Here's the result of tracking this trend in the Google Books dataset:

In "Graphically snuckward", 6/19/2010, I created a similar plot from Mark Davies' COHA corpus:

For a discussion of some of the linguistic and cultural issues involved, see Stan Carey, "'Snuck' sneaked in", Sentence First 6/18/2010.



15 Comments

  1. Adam said,

    October 17, 2011 @ 7:08 am

    Strong verbs rule. ;-)

  2. h.s. gudnason said,

    October 17, 2011 @ 8:59 am

    @Adam, But weak ones obviously role in the past!

  3. GeorgeW said,

    October 17, 2011 @ 9:09 am

    According to MWCD: "From its earliest appearance in print in the late 19th century as a dialectal and probably uneducated form, the past and past participle snuck has risen to the status of standard and to approximate equality with sneaked. Indications are that it is continuing to grow in frequency."

    I think I have always (Southern AmE, age 70) had an aversion to 'snuck' probably because, at least unconsciously, of its stigma as an "uneducated form."

  4. greg said,

    October 17, 2011 @ 11:10 am

    My personal theory on "snuck" has something to do with the Grinch, which appeared in 1957, and the TV version, 1966. Although I'm too lazy right now to find the source material, I can't think of "snuck" without picturing the Grinch… and the "sneaked/snuck" divide sure does take a leap between 1950 and 1970. Stink, Stank, Stunk!

  5. Faldone said,

    October 17, 2011 @ 11:37 am

    Etymonline (http://www.etymonline.com/index.php?allowed_in_frame=0&search=sneak&searchmode=term) seems to relate it to the OE snican, which was a strong verb. I think this should have given us snike, snoke, ?snick(en), but still it was a strong verb.

  6. Adam said,

    October 17, 2011 @ 3:14 pm

    @h.s. gudnason

    Ha! Is it rule, role, rolen, or rule, role, rulen?

  7. H.s. Gudnason said,

    October 17, 2011 @ 3:17 pm

    @Adam.

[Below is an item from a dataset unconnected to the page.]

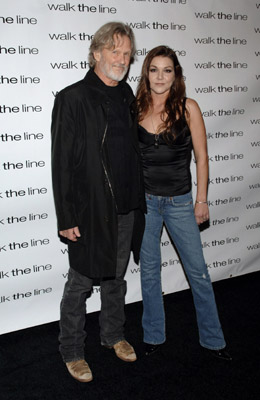 Kris Kristofferson and Gretchen Wilson at event of Ties jausmu riba (2005)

The Former.

  8. Skullturf said,

    October 17, 2011 @ 6:50 pm

    The "sneaked"/"snuck" question came up somewhat recently when Jennifer Garner was a guest on Conan O'Brien's show.

    http://www.youtube.com/watch?v=q51ld-scMI8

  9. Tom said,

    October 18, 2011 @ 12:37 pm

    Some credit (or whatever) to the great (and grammatically colorful) baseball announcer Dizzy Dean,who (my memory tells me) used snuck ("He snuck back into first") and slud ("He slud into third.")

  10. LDavidH said,

    October 19, 2011 @ 2:18 am

    Didn't Forrest Gump also use it – maybe that helped "popularise" it? Or was that too late to be relevant?

  11. This Week’s Language Blog Roundup | Wordnik ~ all the words said,

    October 21, 2011 @ 10:41 am

    […] for snow” myth; and Julie Sedivy was lukewarm about warm soda. Mark Liberman compared data on snuck versus sneaked, and delved into the Dire, Ne pas dire ("Say, Don't Say") feature of the […]

  12. » Snuckward Ho! The Blue Candle Society said,

    October 27, 2011 @ 7:38 pm

    […] been a week alternately stressful and just plain busy, so I'm copping out with another Language Log Link (or a triple-L, as well call it in the blogging […]

  13. “Snuck” sneaked in « Sentence first said,

    November 28, 2011 @ 1:26 pm

    […] also Liberman's corpus analysis of snuck vs. sneaked in different contexts, and a follow-up post that shows Google Books "replicating the snuckward trend" in American […]

  14. Joe Gallagher said,

    December 10, 2011 @ 2:17 pm

    I will accept "snuck" only when the past tense of peak becomes "puck".

  15. pjharvey said,

    October 25, 2012 @ 7:10 am

    I don't know if this is the best place to post this, or if it is entirely relevant, but:

    'A more paranoid ship, the Caconym thought, would almost feel like it had been getting snuck up on.' –Iain M. Banks, The Hydrogen Sonata, p.61.